The problem is, you see, after spending my formative years in Lancashire, then moving down to Cornwall, my accent's sort of levelled out at BBC Received Pronounciation. So sometimes people make assumptions (that I didn't go to a comprehensive, for example).
PRODUCER: Yeah, the problem doing shoots in (Northern European country) is that they're a bit, you know, egalitarian.
ME: ?
PRODUCER: Well in this country, you see, if you hear someone speaking with a regional accent, you know they're not going to be the producer or the director, so it's okay to tell them to get a car for you, or a cup of tea or whatever. But over there, they all speak the same way. So you might be chatting with someone about the light, and they're just a driver! Or you could tell someone to get you a sandwich, and they're the director!
ME: Night. Mare.
PRODUCER: And, by the way, the director gets paid the same as the guy who patrols the carpark in the evenings!
ME: WHAT!?
PRODUCER: Although, actually, here, the only other person on set who's likely to have gone to public school is the location manager, because they're all ex-army. But at least they understand the chain of command. So what were we going to talk about?

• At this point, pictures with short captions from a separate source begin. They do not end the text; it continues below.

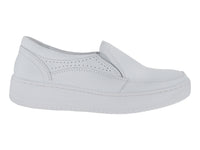 Zapatos Mas Descanso 755 Para Mujer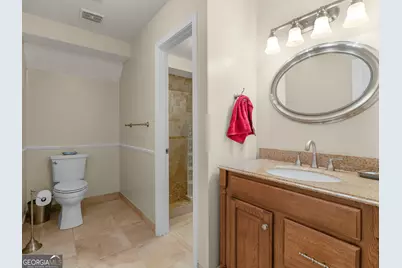 445 Patterson Road, Griffin, GA 30223 - Photo 61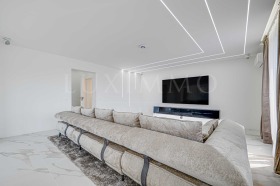 ������� ���������� | Imot.bg � ����� ������ 5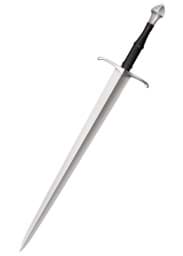 Bild von Cold Steel - Competition Cutting Sword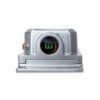 Planet IPOE-165-192234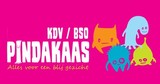 KDV/BSO Pindakaas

ME: Do you know, my mind's gone completely blank.
10 comments:
That's fairly surreal.
Mind you, there's this guy I'm sitting near at Paramount Comedy. A "real" Londoner (though I'm more London than he is) going on about "the North" in his coarse, no doubt practised, London accent.
I was so tempted to tell him to just "shut up". Seeing as I've lived in the Manchester area for 30 years (having been born a cockney, a real one) and he's just a twat talking bollocks.
Unfortunately I have similar problem in the accent department - people don't believe I'm from the north, or an East End boy.
Sounds like someone failed both Perception and Sarcasm 101.
This side of the Atlantic we don't necessarily make broadly based assumptions about class based on accent, but I have met people who were really surprised to find out where I came from. Based on where I grew up (New Hampshire), I'm supposed to sound like a Kennedy, but my parents are from the middle of the country, so I sound more like a news presenter.
I sound like an Essex Girl. But then I am. Bummer.
Oh no!!! My Yorkshire accent is clearly going to prevent me from being anywhere near successful in this biz. Time to bail out and go run a farm...
Seriously - what an idiot that guy is!
To be fair, he's a smart, very successful producer - and a perfectly pleasant person. This conversation happened a good few months ago, or I'd be feeling terribly guilty about blurting it straight out on the internet.
And yet an awful lot of people who work at the producer/commissioner level of UK telly are like this: living in a bit of a bubble in which everyone went to the same few schools, and regional accents are something that happen to other people (apart from Estuary English, of course).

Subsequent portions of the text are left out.